Nigel Gann has provided a useful performance management checklist for governors (TES, September 12). I am amazed, however, that in trying to guide "amateur" governors (his term), he fails to mention the role of the external adviser. External advisers were created by the Department for Education and Skills for precisely the purpose of assisting, to use Mr Gann's words again, "anyone not intimately involved in the world of education". The support to governors provided by external advisers, at no cost to the school, is one of the success stories of performance management. Advisers are there to coach and provide professional advice (in writing in advance of the review meeting and verbally on the day) to governors while leaving the actual decisions to them. They have always reminded governors of the need to consider the head's overall performance and not be mesmerised by objectives. Following intense initial training, advisers are thoroughly briefed annually by the contractor, Cambridge Education Associates. In briefings for the current round, the need to focus governors on the head's overall performance was highlighted to advisers.
Furthermore, the majority of governors (in my experience as head, external adviser, performance management consultant, appointed governor and governor trainer) do not come to the process unprepared.
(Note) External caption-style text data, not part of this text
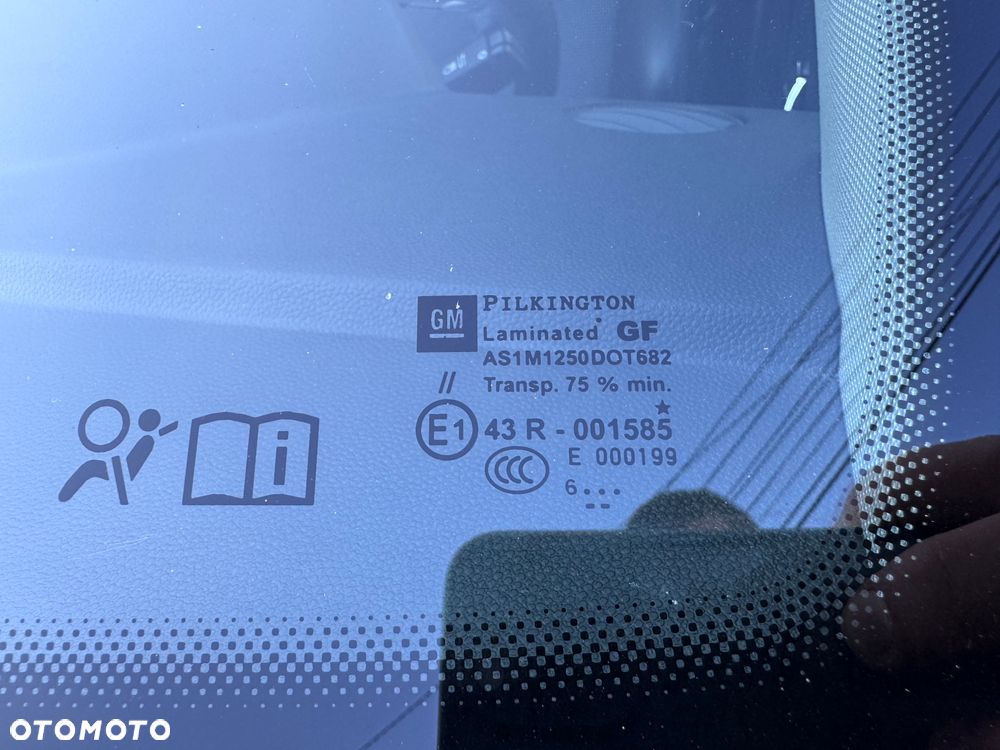 Opel Astra 2.0 Turbo Cosmo - 32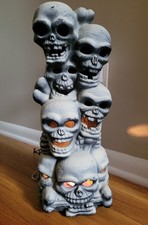 VTG Trendmasters Haunted Lighted Stacked Skulls Halloween foam indoor skeleton picture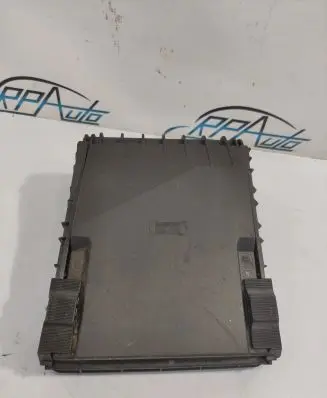 Audi A3 S3 8P Fuse box cover 1K0937132F 017180061 014189871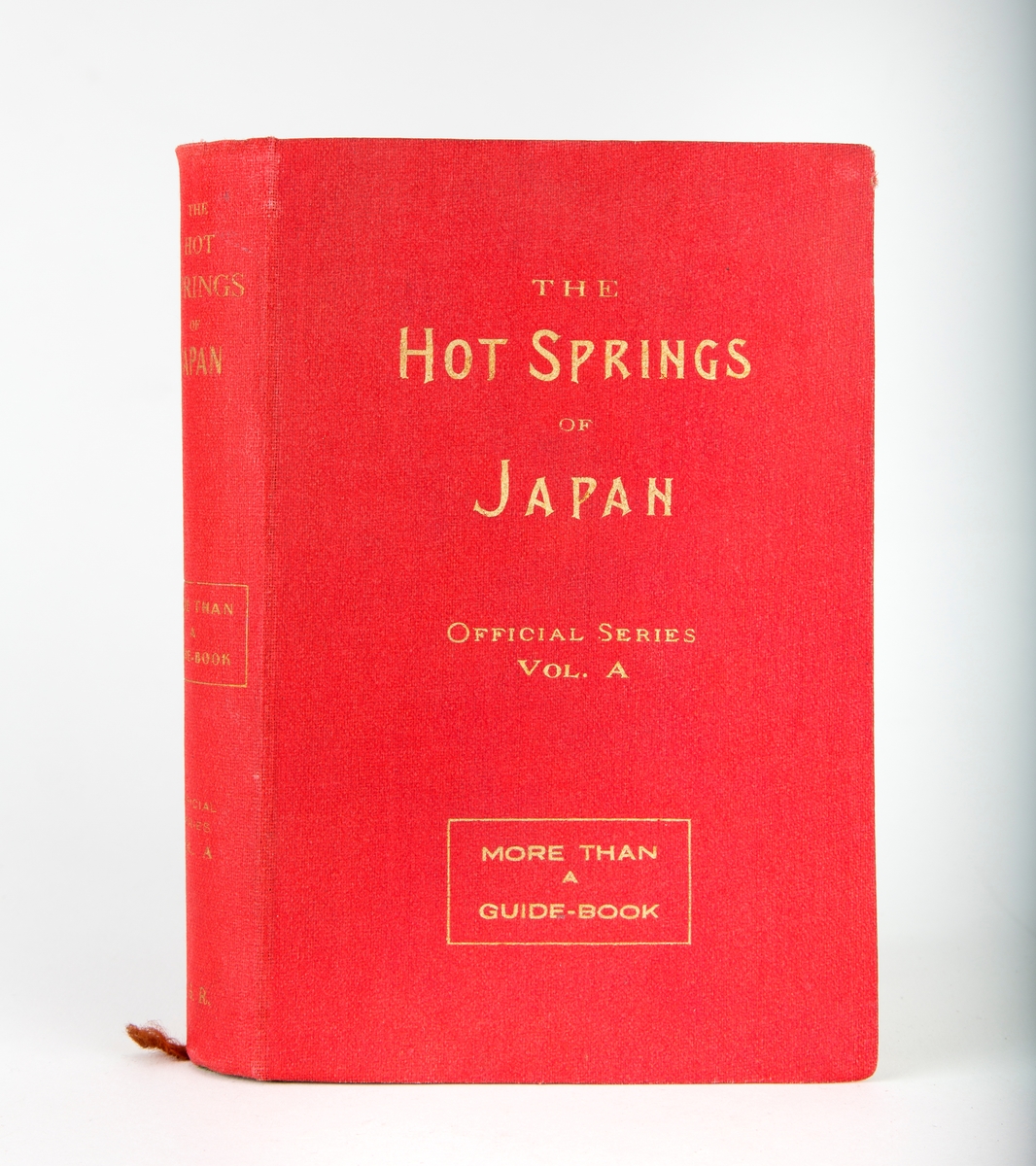 Rød bok. Tittel:"The Hot Springs of Japan. Official Series Vol. A More Than A Guide-Book".  Ingen forfatter oppgitt. Er mer som et oppslagsverk.
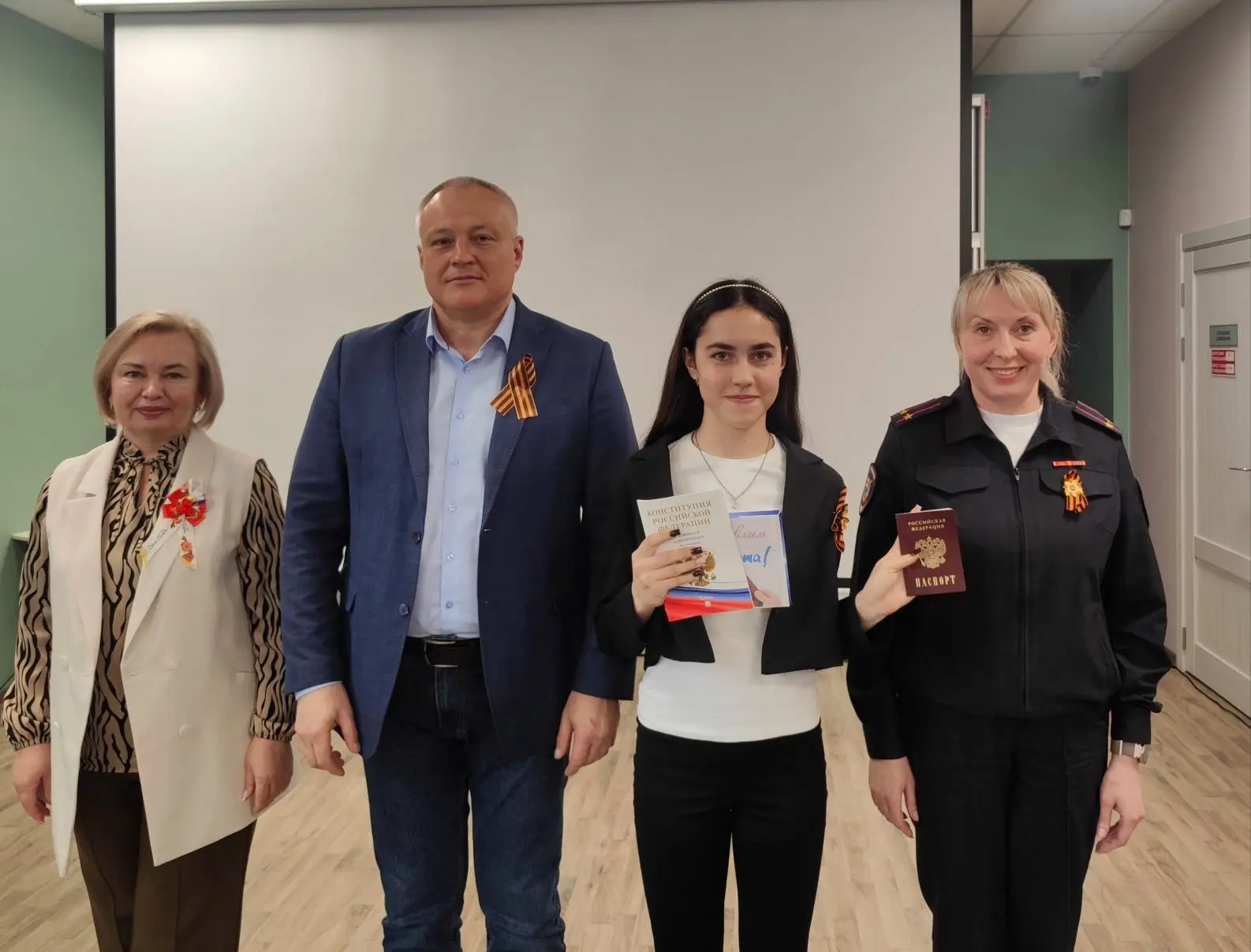 Сегодня в городской библиотеке Глава округа вручил паспорта юным жителям города ⠀  Документ в торжес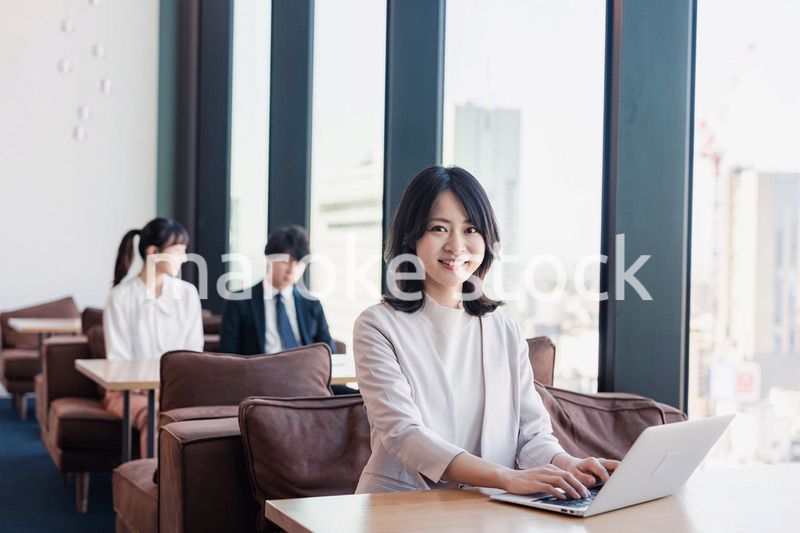 シェアオフィスでノートパソコンを使うビジネスウーマン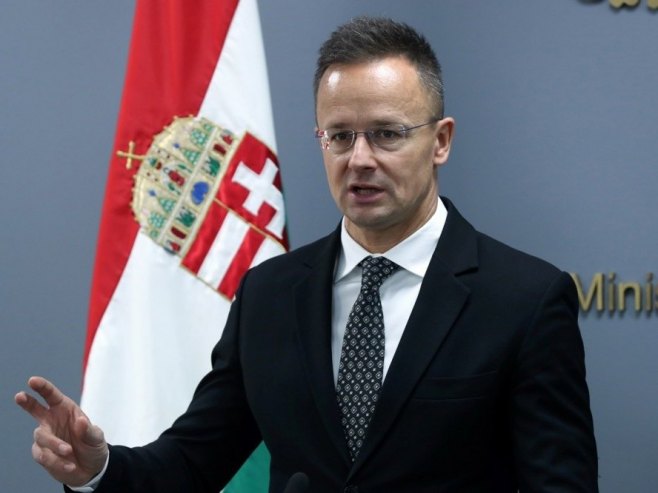 Sijarto: Tužba povodom zabrane ruskog gasa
Many have considerable experience of appraisal from their own workplace. All are keen to utilise the process to further continuing improvement for their schools. Most local authorities offer regular training on the process. In Hertfordshire, my own authority, courses are offered to individual governing bodies, as well as groups, at central venues and are well supported.
Mr Gann is right to point out that inspectors will require evidence of the link between performance management and continuing school improvement. In my view, he underestimates the knowledge and skills of governors and fails to acknowledge the pivotal role of external advisers in this highly valuable process.